Rheology, extrudability and mechanical properties of ceramizable silicone composites
Dariusz M. Bieliński, Rafał Anyszka, Marcin Masłowski, Tomasz Pingot, Zbigniew Pędzich
Quarterly No. 3, 2011 pages 252-257
DOI:
keywords: cables, ceramizable silicone composites, rheological characteristic, extrudability, mechanical properties
abstract Ceramizable silicone composites of various origin, designated as A, B and C, which can be used for insulation jackets of electrical cables, were the subject of investigations. The rheology and processing studies of the materials were carried out with a one-screw laboratory Brabender Measuring Extruder 19/10 DW (Germany), operating with a screw rotational speed from 10 to 200 rpm. For evaluation of the rheological characteristics of the mixes, ƞ = f(ɣR) an oval capillary die head was used, whereas a Garvey’s head was mounted to the machine for determination of the extrusion rate, linear shrinkage and swelling of the extrudate (Barrus’ effect). Extrudability studies of the mixes were carried out according to ASTM D 2230-83. The vulcametric characteristics of the materials contained 2,4 (di)chloro benzoyl peroxide, as a curing agent, were evaluated with a Monsanto 100 (USA) vulcameter, according to ISO 3417. The mechanical properties - tensile strength (TS) and tear strength (TES) of the crosslinked composites were determined with a universal mechanical testing machine Zwick 1435 (Germany) according to ISO 37 and ISO 34 standards respectively.
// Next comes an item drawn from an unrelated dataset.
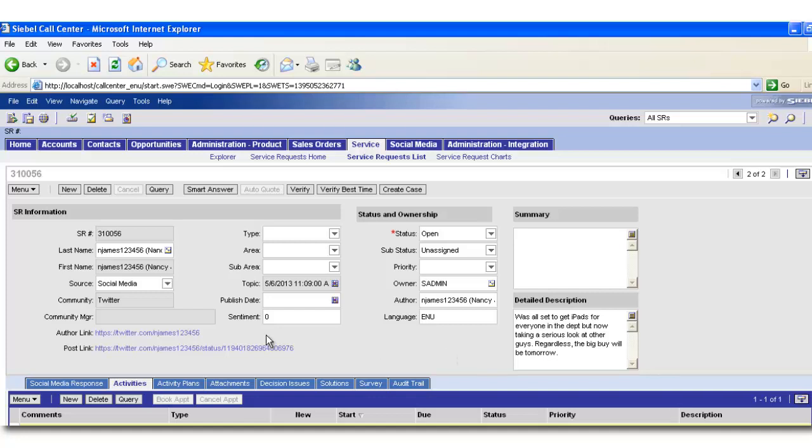The Author link, for example, is extremely useful since it uniquely identifies a social author.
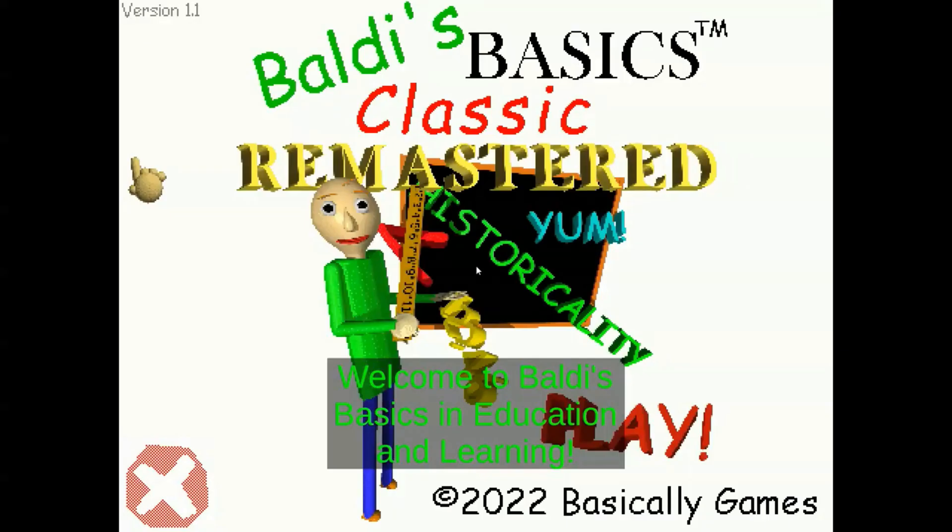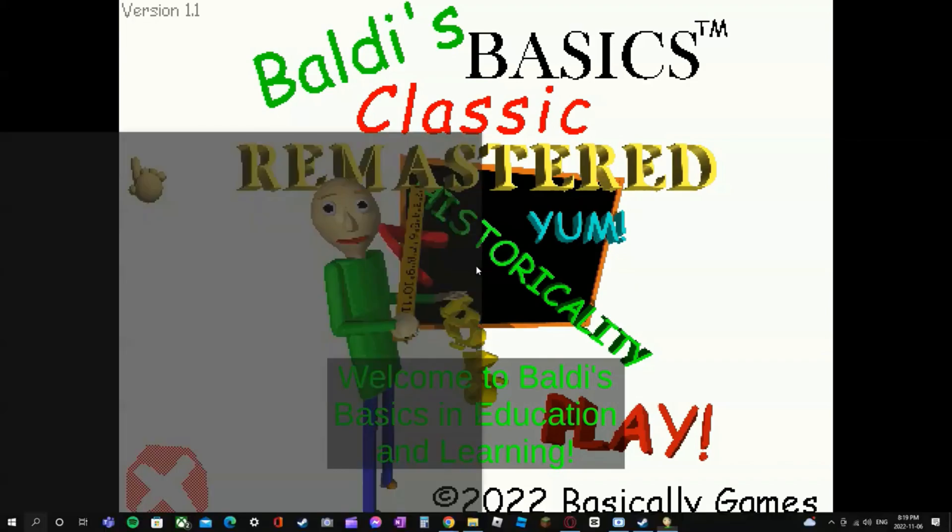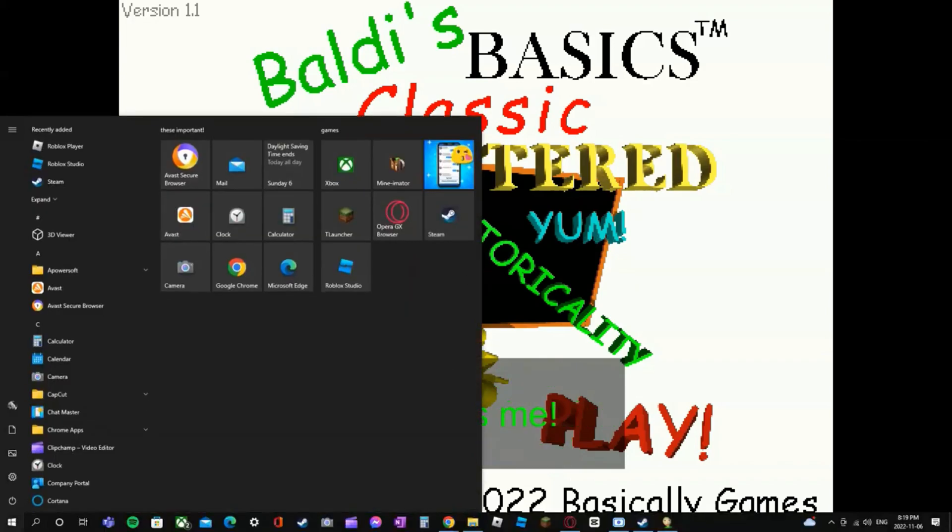Welcome to Baldi's Basics in Education and Learning! That's me!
Despite similar rheological characteristics, mix A exhibits the best extrudability. It manifests itself by the highest extrusion rate, minimum linear shrinkage and the lowest expansion of the extrudate among the materials studied. All the mixes studied can be extruded with a wide range of screw rotational speed. The higher the rotational speed, the better the efficiency of extrusion, which meets industrial expectations. Edge defects appear on the surface of the extrudates when the rotational speed is low (below 60÷90 rpm). The mechanical properties of the composites studied meet the requirements of the cable industry: TS = 7÷9 MPa, TES = 12÷15 kN/m and EB ≈ 300%. The composition of the mineral phase, in a glaze and silicone rubber matrix, is responsible for the differences in the extrudability of the composites studied. Composites containing small particles of milled quartz and wollastonite dominate over the one based on large particles of mica and zinc oxide, regarding the processing parameters.